Иначе не могла она и думать, не представляя себе бури, унесшей разом все золотые надежды, с которыми сжилось и сроднилось молодое горячее сердце Глаши. Она и хотела бы перестать думать о Субботе, но это не удавалось, несмотря на желание наказать его за жестокие слова, произнесенные при расставании.

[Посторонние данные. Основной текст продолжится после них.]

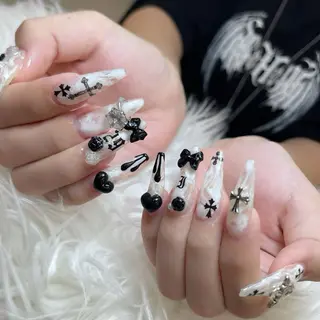 ネイル HIKARIHANA NAILのネイルデザイン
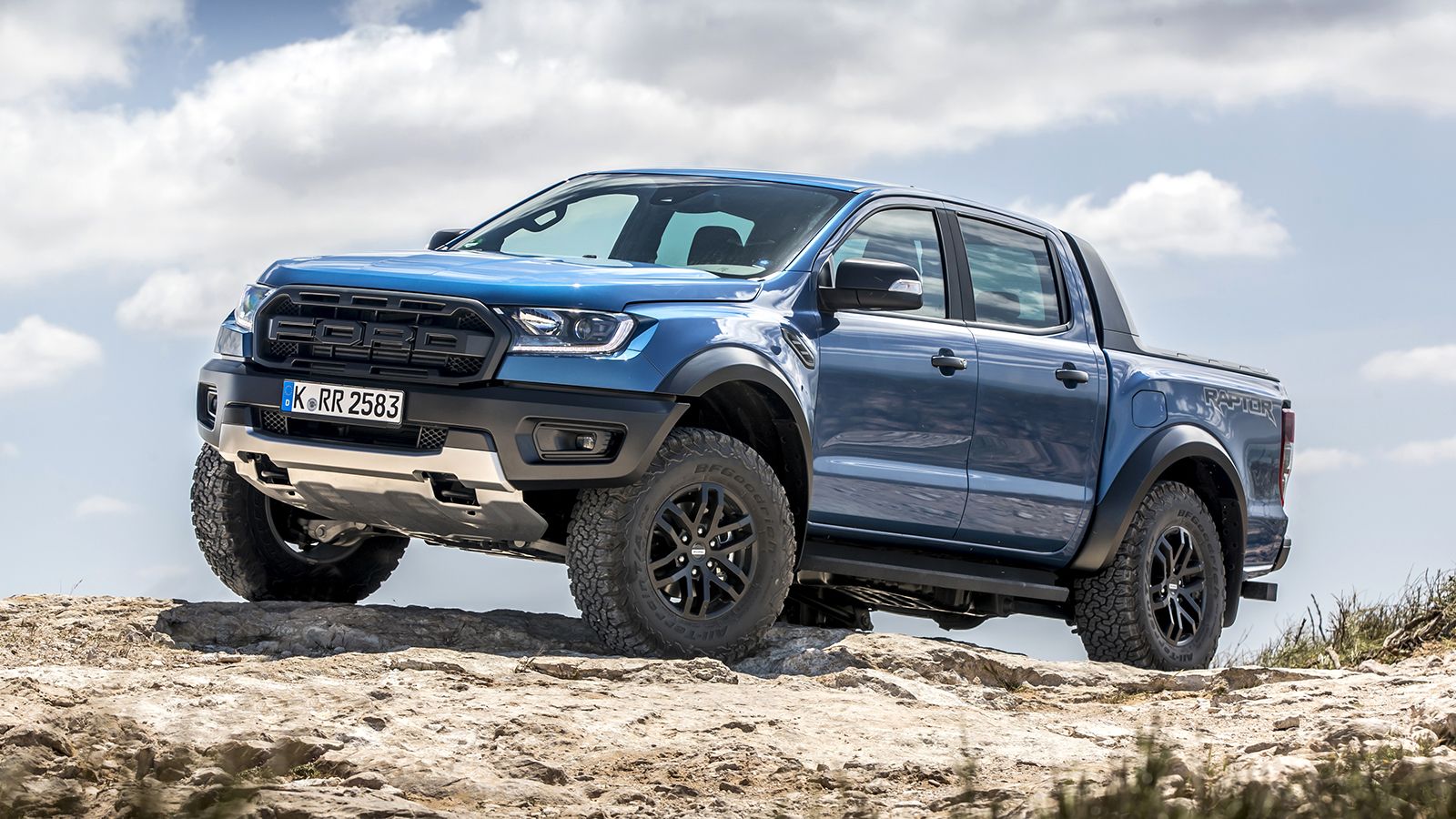 Το Ford Ranger Raptor αποτελεί την κορυφαία έκφανση των δυνατοτήτων που προσφέρουν τα οχήματα της κατηγορίας των Pick-Up.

«Он тогда заведомо не в себе был, коли толковал несообразное и непонятное, о каком-то кладе, о продаже отцом души дьяволу… А главное, мог ли Суббота, ведая и сознавая смысл своих слов, отсылать от себя так жестоко свою Глашу? Ну кто разъяснит эту загадку, всем нам такую прекрушительную? Вот хоть бы и отца взять: когда бывал он таким зверем? Когда ходил он по неделям да по месяцам понурив голову, как обваренный? Что-нибудь да кроется тут неладное. Он так любит свою Глашу и так часто сам учил меня Субботу звать моим богоданным суженым, – да ни с того ни с сего сам же нарушил свое слово… Недаром все это! От того, словно Касьян взглянул на наш дом, все и опустили руки, что грех вышел непоправимый».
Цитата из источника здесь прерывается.